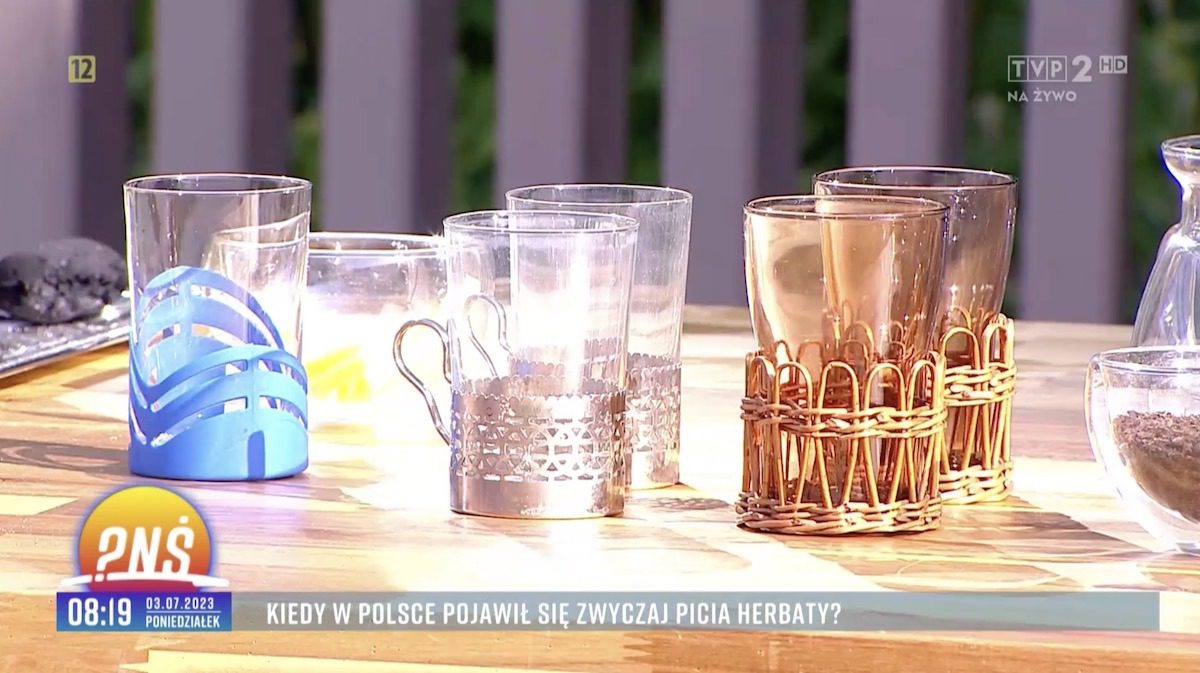 Historia i tradycja parzenia herbaty w Polsce - szklanki w koszyczku / fot. kadr z programu PNŚ 2023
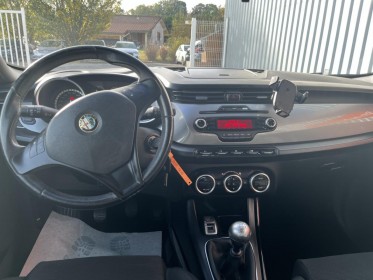 Alfa romeo giulietta vpc 2.0 jtdm 140 ch ss distinctive occasion simplicicar labarthe simplicicar simplicibike france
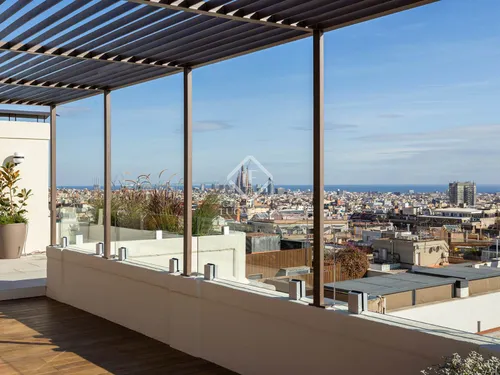 Excellent 4 Bedroom penthouse with 180m² terrace for sale in Sant Gervasi - Galvany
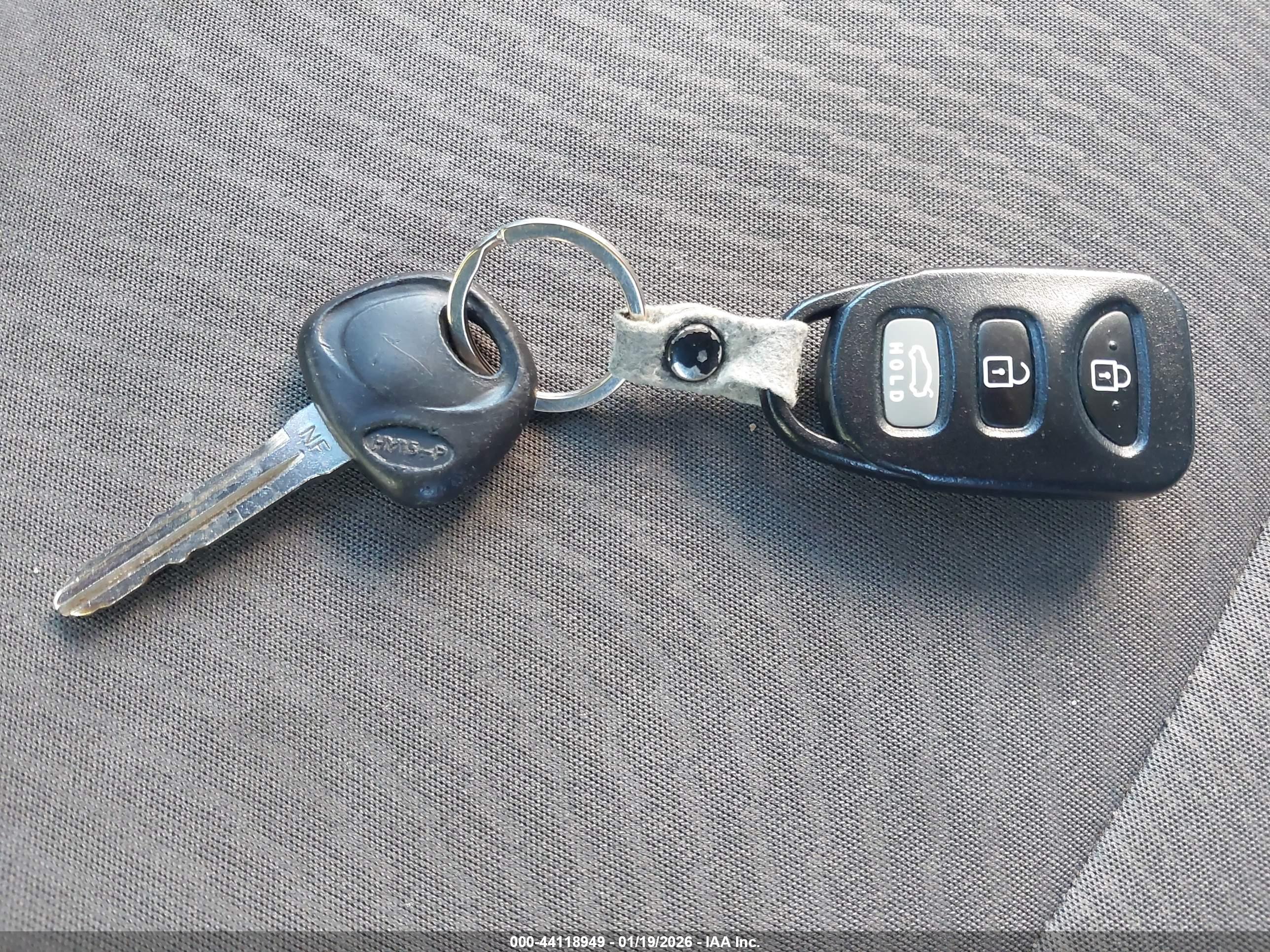 HYUNDAI ELANTRA image 11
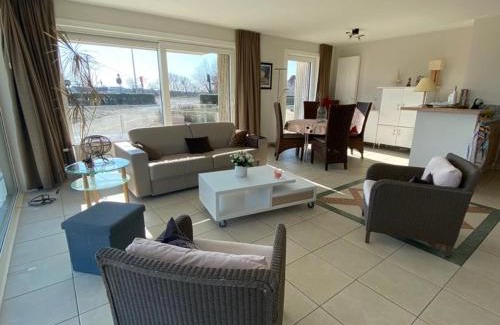 Nieuwpoort-aan-Zee Apartment | SunnySide-of-TheSea - with open view on nature, big terraces all around - very close to sea, beach, stores, restaurants & beach bars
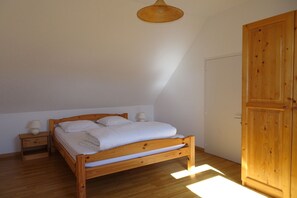 3 bedrooms - Holiday Home in Rhuys near Plage de Rouvran (Le Tour-du-Parc)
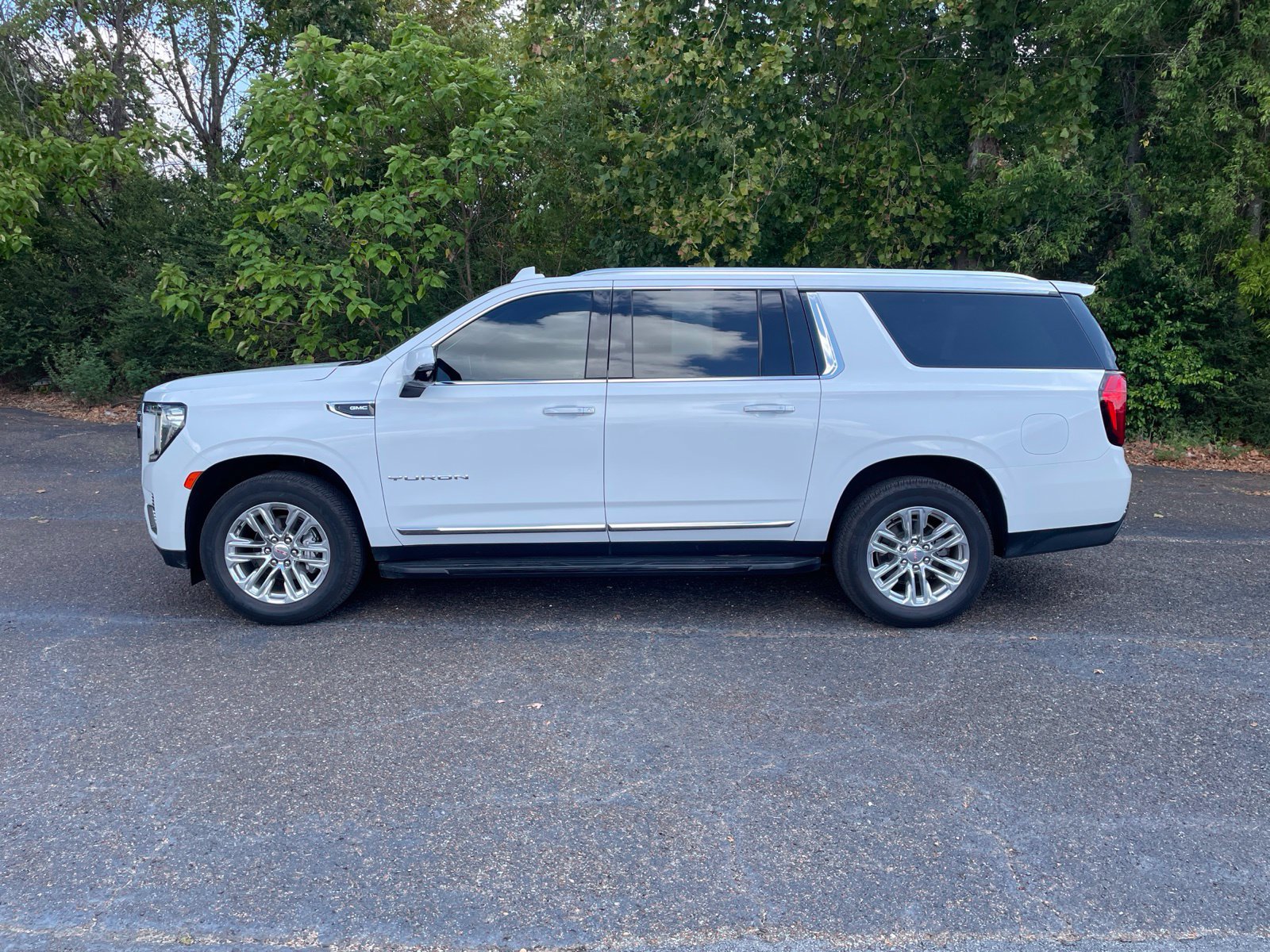 Used 2022 GMC Yukon XL SLT w/ SLT Premium Package AWD/4WD image 2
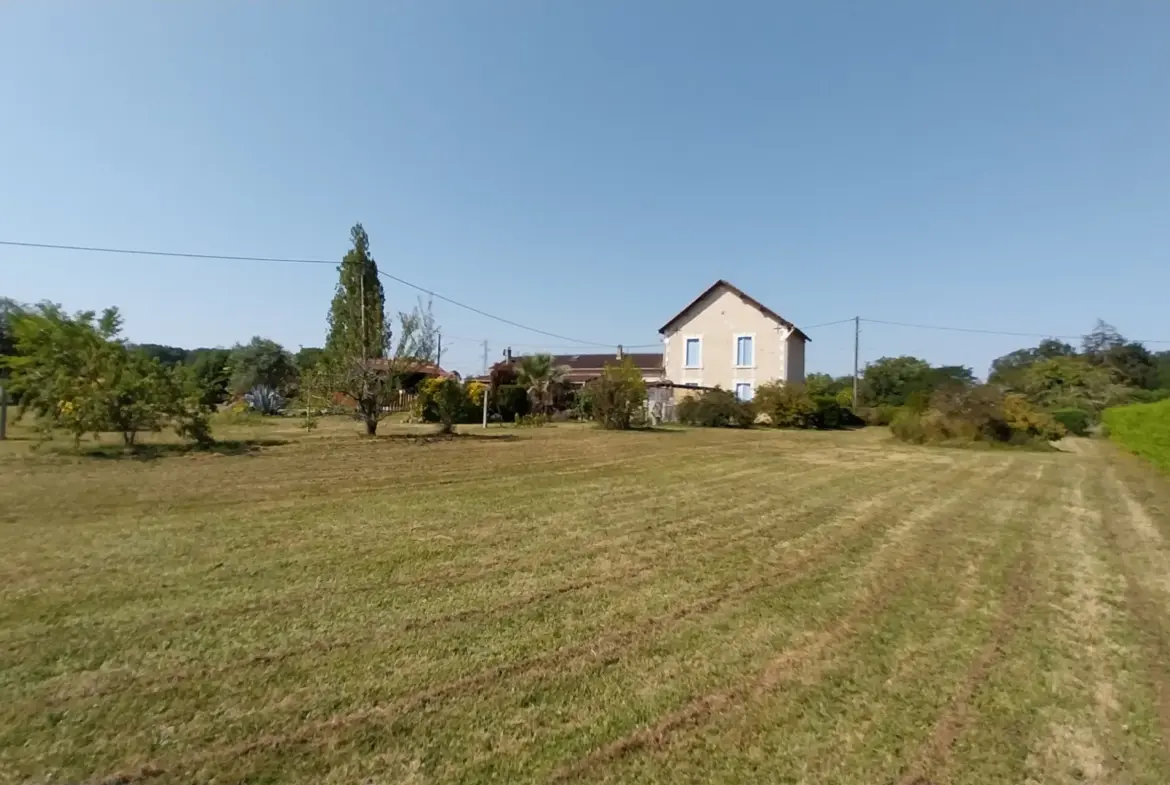 Maison en Pierre avec Piscine à Razac sur L'Isle, 2ha de Terrain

□ □ □ □ □

From the first line above down to the line with "HYUNDAI ELANTRA image 11", reproduce every line and no others, omitting pictures.

__Written response__:
 Historia i tradycja parzenia herbaty w Polsce - szklanki w koszyczku / fot. kadr z programu PNŚ 2023
 Alfa romeo giulietta vpc 2.0 jtdm 140 ch ss distinctive occasion simplicicar labarthe simplicicar simplicibike france
 Excellent 4 Bedroom penthouse with 180m² terrace for sale in Sant Gervasi - Galvany
 HYUNDAI ELANTRA image 11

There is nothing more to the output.